Pendulous vocals that cling to a reverberating melody that is as fleeting as a sunset. Swaying basslines that give way to cascading guitar solos. Boisterous kick drums that set the stage for a marching ballad of resentment, forgiveness and self-imposed solitude. A lyrical willingness to sacrifice everything if it means getting the one thing that was always missing. Ted Hajnasiewicz isn’t shy about incorporating all of these inspired elements of his majestic poetry and music into “This Town is Not for Me,” “If I Could Leave This Place Tomorrow,” “Wedding Coat” and “I Give Myself;” all of which are included in the brand new album This Is What I Do. An anthology of sorts that unites the brightest gems in his repertoire on a single disc, Hajnasiewicz’s This Is What I Do ventures into emotional territory right from the start and reminds us why both critics and fans alike have heralded this singer/songwriter as among the best and most adept of his scene, which is saying quite a lot if you know the history of music in Minneapolis.


The production quality of This Is What I Do is, simply put, immaculate, multifaceted and studded with more texture than even Hajnasiewicz’s diehard supporters might be expecting to encounter. The guitars of “Longing for the Northern Wind” and “Go Easy on Me” have never been heavier, even considering their acoustic nature, while the confident vocals we discover in “My Heart is in Memphis,” “Burning Bridges” and “Oh! Sweet Love” are so much more physical and tangible than what we would usually find when scanning the local FM dial for similarly conceived country/rock ballads. It feels slightly odd to me describing This Is What I Do as a country record; it’s almost as if the terminology not only doesn’t fit the profile of the music, but that it’s dismissive of the originality that it relentlessly throttles at us. There’s none of the countrified big label monotony that many audiences have come to resent the Nashville establishment for pumping out with greedy impunity, and the cinematic storytelling that Hajnasiewicz shares with us here stands as the polar opposite of the contrived metaphors and trite analogies one would be forced to endure when consuming a music video on CMT. This is straight up authentic roots rock, which appeals just as much to country listeners but is unquestionably more pure in spirit.

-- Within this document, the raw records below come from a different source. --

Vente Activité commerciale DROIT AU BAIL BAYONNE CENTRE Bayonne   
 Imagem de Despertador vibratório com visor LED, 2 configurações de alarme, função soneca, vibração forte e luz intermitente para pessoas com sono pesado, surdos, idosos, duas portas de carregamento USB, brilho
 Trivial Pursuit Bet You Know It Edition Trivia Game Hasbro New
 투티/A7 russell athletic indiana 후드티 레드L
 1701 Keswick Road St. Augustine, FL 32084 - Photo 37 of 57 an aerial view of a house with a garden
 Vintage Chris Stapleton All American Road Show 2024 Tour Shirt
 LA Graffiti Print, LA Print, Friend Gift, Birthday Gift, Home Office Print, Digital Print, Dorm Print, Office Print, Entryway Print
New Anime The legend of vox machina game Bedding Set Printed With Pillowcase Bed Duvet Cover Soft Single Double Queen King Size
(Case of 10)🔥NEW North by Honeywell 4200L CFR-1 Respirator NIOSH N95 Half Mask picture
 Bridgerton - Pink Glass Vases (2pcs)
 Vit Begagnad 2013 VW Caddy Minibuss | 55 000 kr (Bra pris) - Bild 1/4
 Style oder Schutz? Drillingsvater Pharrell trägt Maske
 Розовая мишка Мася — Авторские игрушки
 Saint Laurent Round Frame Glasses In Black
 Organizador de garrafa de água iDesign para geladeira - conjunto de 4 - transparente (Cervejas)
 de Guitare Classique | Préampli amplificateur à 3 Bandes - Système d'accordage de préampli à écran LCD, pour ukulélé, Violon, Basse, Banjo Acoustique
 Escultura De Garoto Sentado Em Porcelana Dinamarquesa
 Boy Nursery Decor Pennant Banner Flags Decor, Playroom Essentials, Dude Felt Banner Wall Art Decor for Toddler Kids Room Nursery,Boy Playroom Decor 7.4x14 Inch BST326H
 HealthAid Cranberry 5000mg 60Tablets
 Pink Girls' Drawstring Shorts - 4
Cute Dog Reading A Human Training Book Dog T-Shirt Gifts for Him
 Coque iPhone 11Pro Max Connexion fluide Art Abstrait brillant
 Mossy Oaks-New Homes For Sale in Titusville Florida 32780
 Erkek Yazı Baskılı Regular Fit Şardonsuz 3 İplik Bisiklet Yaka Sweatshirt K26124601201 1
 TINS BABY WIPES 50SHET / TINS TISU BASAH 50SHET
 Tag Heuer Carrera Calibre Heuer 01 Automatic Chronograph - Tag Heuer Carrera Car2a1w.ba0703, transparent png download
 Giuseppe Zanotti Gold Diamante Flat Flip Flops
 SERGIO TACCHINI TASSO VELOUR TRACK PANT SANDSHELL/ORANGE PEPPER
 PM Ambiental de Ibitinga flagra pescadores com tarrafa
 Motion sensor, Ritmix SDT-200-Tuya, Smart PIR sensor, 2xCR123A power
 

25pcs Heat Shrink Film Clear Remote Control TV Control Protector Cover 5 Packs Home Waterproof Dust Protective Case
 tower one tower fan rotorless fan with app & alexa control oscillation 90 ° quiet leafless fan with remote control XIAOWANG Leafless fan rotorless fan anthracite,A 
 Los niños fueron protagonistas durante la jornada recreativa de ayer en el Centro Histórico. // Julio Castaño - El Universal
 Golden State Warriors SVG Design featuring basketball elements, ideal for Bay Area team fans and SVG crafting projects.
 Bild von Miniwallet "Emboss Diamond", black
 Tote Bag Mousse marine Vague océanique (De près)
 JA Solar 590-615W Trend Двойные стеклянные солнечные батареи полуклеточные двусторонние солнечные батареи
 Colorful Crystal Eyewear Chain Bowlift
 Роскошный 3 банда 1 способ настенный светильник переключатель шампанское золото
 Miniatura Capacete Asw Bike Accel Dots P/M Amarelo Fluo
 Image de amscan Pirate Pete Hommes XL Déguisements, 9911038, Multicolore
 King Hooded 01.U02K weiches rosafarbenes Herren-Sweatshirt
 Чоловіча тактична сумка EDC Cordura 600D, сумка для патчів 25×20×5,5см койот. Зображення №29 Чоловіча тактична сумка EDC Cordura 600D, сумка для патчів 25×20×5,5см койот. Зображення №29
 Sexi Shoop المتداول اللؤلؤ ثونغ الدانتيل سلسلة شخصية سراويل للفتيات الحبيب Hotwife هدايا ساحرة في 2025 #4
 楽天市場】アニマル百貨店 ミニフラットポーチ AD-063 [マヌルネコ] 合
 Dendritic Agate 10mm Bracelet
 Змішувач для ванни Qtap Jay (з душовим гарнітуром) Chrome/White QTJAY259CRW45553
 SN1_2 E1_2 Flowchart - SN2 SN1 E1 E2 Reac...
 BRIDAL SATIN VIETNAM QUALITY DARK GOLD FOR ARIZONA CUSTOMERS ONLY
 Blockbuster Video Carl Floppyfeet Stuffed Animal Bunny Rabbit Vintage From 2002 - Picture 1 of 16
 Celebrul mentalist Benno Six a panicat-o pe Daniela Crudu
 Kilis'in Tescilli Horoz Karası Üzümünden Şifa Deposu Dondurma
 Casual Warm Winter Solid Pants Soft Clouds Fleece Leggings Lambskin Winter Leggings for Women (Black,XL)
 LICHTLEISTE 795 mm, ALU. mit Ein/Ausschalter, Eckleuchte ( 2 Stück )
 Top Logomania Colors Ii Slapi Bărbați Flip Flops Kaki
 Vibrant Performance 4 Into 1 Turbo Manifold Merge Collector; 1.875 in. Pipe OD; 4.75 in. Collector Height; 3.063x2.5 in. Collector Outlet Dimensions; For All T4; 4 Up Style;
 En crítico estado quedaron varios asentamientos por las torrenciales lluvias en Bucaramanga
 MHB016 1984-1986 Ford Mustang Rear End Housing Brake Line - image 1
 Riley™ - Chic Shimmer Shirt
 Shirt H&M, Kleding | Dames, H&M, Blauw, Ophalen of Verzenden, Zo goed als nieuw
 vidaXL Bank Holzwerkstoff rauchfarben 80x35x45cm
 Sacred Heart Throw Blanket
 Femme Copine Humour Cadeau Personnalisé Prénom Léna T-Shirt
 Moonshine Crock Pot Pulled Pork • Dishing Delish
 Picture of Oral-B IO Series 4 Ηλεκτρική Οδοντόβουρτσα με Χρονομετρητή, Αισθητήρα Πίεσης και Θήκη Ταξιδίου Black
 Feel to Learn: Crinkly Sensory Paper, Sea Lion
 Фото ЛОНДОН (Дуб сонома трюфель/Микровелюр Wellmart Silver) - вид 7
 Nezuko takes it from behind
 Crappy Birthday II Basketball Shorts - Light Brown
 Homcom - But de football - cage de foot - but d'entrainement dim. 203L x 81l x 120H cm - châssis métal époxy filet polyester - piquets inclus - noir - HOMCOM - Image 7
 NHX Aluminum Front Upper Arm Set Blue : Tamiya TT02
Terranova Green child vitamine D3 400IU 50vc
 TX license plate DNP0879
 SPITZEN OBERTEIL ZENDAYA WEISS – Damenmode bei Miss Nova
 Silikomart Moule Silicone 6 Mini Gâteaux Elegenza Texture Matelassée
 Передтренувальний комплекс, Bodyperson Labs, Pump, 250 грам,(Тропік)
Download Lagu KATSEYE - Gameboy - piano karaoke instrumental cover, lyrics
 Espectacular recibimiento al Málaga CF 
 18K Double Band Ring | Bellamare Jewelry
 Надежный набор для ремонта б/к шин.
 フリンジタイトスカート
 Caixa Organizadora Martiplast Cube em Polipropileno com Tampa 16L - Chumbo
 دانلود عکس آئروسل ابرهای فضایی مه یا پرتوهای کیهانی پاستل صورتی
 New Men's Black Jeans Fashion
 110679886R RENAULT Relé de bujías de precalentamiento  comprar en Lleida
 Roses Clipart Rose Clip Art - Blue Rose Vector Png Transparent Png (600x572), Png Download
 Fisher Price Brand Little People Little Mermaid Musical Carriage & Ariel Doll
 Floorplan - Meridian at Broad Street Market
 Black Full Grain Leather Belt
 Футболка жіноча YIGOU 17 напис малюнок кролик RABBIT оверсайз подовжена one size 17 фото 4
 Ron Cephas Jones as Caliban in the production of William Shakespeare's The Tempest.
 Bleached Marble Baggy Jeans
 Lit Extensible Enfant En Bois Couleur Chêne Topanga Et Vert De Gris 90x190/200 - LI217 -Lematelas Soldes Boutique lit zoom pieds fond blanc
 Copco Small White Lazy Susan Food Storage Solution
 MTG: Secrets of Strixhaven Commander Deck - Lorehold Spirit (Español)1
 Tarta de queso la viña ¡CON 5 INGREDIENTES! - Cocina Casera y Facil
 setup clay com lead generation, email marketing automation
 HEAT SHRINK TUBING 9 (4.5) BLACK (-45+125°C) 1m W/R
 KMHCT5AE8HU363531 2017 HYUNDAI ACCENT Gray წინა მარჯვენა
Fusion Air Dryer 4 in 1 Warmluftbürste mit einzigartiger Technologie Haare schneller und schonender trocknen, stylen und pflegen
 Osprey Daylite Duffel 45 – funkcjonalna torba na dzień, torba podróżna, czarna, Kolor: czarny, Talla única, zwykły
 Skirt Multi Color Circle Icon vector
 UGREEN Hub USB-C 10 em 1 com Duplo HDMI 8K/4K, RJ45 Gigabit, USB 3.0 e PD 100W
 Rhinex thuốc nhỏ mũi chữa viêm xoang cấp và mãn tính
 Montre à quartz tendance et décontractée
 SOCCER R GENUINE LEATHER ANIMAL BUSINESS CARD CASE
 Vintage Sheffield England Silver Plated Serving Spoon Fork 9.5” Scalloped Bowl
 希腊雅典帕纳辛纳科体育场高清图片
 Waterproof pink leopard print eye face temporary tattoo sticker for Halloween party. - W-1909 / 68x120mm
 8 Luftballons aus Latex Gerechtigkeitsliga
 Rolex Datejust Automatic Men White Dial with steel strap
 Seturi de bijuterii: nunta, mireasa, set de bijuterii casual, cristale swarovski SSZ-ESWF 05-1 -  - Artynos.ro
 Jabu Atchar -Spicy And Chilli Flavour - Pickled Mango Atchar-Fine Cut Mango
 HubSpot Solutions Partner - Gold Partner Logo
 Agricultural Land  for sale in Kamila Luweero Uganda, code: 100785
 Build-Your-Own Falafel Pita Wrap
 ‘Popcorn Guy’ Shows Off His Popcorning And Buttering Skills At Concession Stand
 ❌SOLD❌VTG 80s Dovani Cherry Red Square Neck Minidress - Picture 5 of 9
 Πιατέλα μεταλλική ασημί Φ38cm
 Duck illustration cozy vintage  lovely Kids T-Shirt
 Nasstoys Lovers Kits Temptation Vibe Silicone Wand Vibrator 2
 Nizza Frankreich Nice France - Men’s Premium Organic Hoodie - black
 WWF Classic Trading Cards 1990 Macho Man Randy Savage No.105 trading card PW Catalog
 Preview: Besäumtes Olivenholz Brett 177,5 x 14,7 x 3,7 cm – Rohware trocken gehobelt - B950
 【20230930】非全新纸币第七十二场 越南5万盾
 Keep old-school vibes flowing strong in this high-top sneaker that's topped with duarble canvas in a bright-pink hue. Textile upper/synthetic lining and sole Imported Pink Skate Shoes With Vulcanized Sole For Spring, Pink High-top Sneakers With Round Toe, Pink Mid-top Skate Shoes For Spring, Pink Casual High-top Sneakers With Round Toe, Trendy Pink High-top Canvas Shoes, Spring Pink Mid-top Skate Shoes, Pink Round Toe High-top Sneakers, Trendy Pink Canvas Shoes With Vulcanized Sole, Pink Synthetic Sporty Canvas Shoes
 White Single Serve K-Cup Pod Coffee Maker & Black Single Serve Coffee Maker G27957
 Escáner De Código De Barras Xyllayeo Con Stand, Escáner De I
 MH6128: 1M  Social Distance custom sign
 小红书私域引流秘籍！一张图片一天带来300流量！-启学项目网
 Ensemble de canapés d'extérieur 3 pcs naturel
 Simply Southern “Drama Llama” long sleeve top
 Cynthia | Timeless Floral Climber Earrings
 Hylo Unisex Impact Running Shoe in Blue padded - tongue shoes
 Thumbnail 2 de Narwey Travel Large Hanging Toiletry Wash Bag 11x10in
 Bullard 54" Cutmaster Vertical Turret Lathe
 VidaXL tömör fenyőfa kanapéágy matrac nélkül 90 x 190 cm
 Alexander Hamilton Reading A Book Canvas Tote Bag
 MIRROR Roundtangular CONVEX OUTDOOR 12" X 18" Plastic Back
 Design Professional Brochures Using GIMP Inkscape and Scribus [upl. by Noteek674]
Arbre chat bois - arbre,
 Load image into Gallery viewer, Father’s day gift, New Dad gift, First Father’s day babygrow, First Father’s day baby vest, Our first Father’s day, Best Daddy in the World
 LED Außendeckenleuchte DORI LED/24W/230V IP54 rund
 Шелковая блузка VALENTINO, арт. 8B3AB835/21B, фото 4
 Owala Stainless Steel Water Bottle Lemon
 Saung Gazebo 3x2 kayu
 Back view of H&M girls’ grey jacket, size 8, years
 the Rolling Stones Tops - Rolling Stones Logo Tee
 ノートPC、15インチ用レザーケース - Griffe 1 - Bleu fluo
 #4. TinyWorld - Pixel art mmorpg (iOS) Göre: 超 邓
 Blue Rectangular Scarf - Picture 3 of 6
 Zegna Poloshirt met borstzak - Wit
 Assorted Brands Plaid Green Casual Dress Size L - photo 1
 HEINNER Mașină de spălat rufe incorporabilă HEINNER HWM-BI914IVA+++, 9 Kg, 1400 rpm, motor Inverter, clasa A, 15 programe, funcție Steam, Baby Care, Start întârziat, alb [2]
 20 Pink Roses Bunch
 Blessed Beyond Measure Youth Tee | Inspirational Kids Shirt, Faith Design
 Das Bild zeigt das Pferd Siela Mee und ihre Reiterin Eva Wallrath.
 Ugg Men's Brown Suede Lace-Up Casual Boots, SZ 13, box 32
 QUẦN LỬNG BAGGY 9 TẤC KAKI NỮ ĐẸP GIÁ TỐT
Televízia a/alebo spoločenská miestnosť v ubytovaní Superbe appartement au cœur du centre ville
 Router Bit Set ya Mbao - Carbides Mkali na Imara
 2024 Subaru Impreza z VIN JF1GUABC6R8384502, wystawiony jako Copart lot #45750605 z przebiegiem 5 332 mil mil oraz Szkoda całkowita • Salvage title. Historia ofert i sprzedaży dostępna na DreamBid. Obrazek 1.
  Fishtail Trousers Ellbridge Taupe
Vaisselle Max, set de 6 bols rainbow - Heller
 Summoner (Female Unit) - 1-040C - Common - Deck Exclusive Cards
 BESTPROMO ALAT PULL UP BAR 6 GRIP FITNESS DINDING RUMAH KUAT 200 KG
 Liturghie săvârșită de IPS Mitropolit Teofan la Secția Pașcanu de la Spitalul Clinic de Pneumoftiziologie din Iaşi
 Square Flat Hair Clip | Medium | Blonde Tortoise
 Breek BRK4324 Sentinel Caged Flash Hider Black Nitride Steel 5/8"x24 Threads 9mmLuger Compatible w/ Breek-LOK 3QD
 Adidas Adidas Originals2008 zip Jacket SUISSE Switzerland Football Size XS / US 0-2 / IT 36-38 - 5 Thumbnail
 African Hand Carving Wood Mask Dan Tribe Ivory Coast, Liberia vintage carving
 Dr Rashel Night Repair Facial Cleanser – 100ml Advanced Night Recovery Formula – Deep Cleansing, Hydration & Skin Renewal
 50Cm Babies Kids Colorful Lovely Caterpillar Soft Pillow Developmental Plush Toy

Brilliantly produced and brimming with passionate play from start to finish, This Is What I Do is an superb snapshot of the many lives, loves and legacies that have been born of and will ultimately be left behind by Ted Hajnasiewicz’s art form someday, and if you haven’t already heard his music in the past I would highly recommend this album as a critical starting point. In these songs we get to know him as a human being and not just as a man behind a microphone crooning beautiful verses against an atmospheric yet homespun acoustic backdrop. Tightly wound, full of unadulterated emotion and poignantly arranged, Hajnasiewicz’s latest release may well be the very best of his entire career so far (although something tells me it won’t be the last time we hear from him).